**Your assignment**.
With pictures excluded, copy word for word the lines in the data below from the line containing "Yellow Ceramic Wax" through the line containing "Womens Faux Suede Biker Jacket".

**Dataset excerpts**.
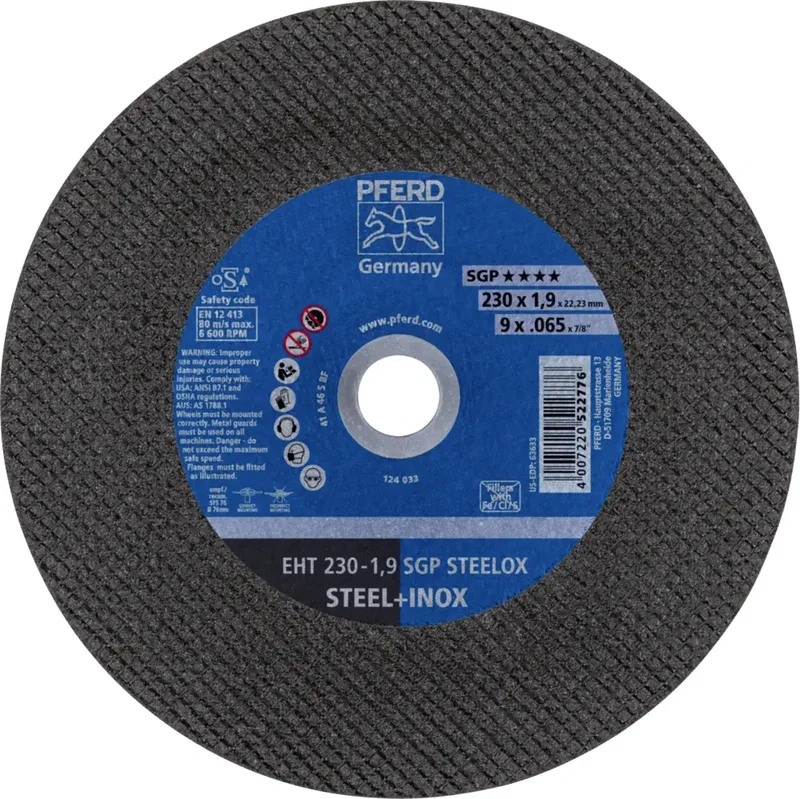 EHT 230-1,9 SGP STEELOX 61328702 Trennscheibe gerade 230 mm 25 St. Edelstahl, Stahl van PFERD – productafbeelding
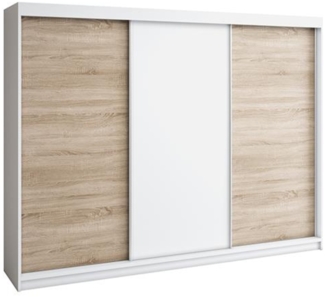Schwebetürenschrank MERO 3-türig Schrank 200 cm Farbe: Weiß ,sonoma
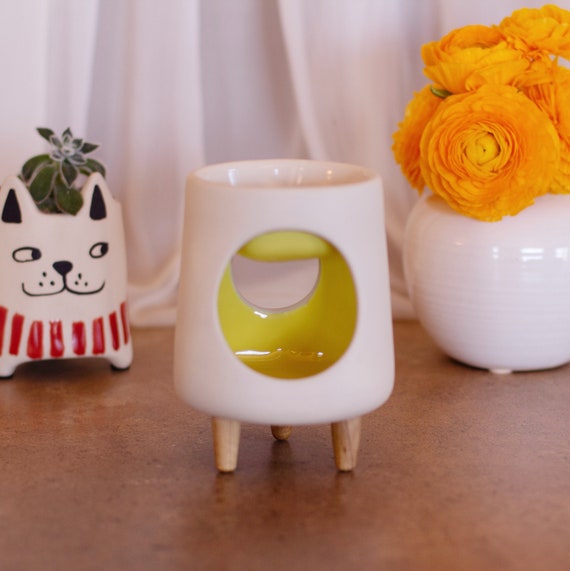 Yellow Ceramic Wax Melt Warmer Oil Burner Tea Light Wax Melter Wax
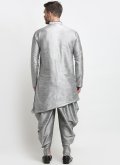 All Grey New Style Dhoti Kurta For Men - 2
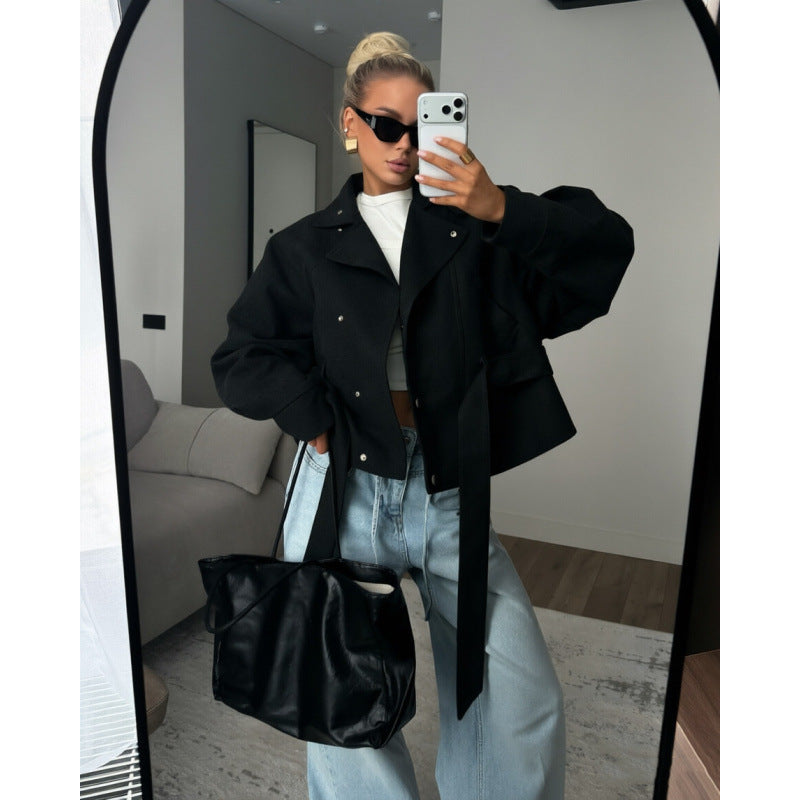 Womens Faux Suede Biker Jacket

==

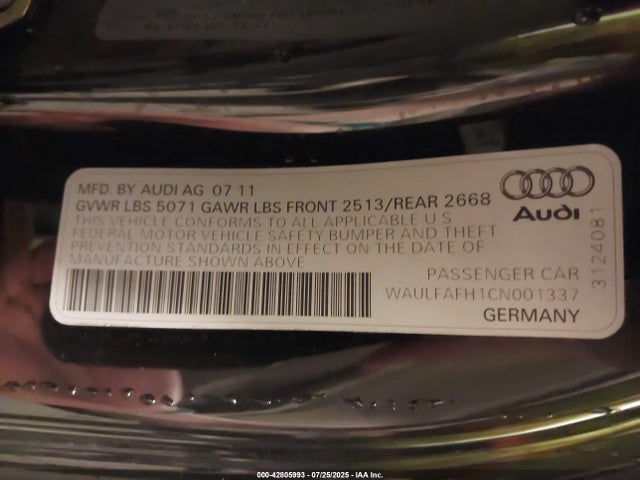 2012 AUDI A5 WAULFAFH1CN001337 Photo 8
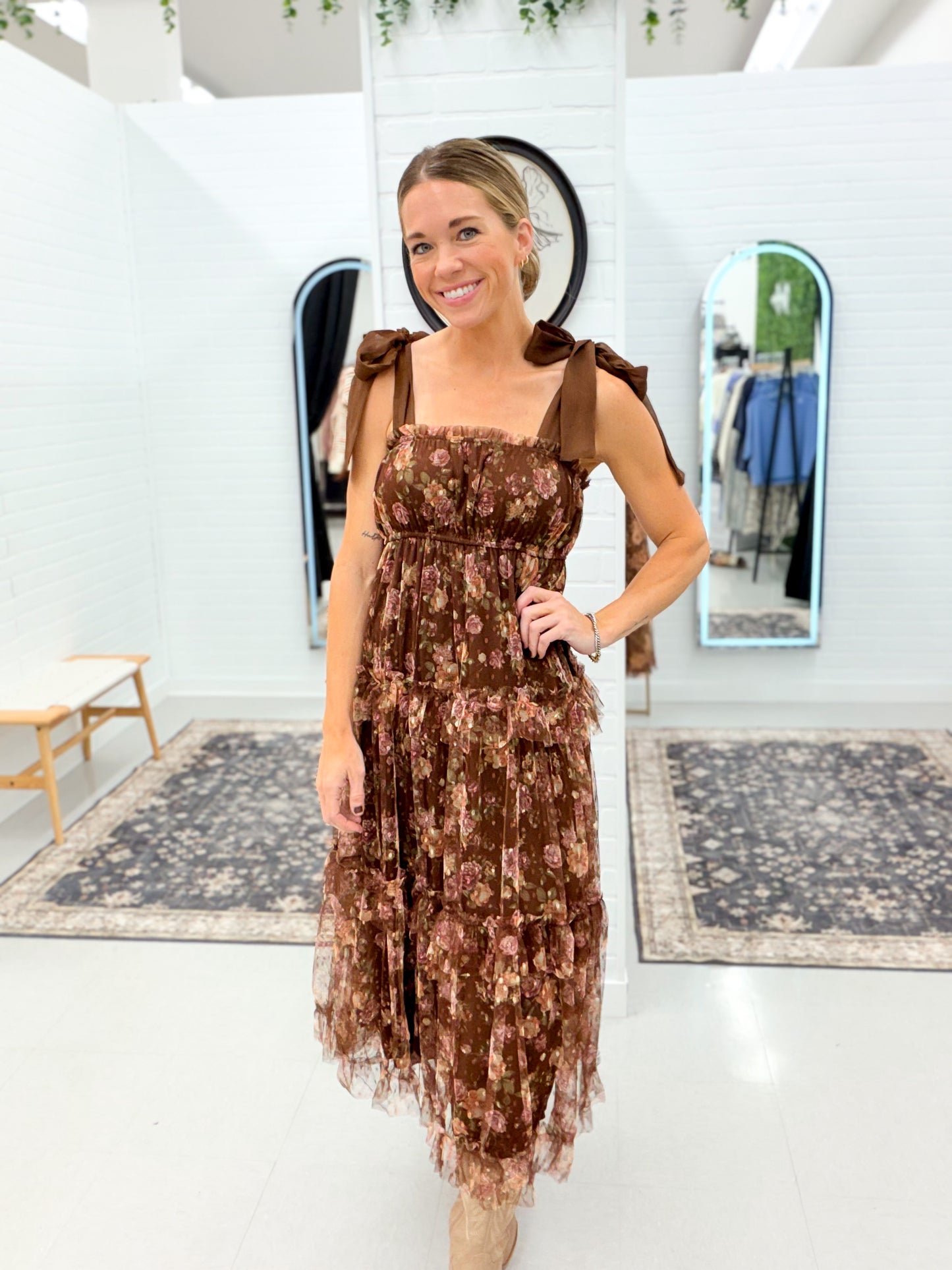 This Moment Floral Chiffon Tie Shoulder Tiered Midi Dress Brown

**Answer box**.
 Yellow Ceramic Wax Melt Warmer Oil Burner Tea Light Wax Melter Wax
 All Grey New Style Dhoti Kurta For Men - 2
 Womens Faux Suede Biker Jacket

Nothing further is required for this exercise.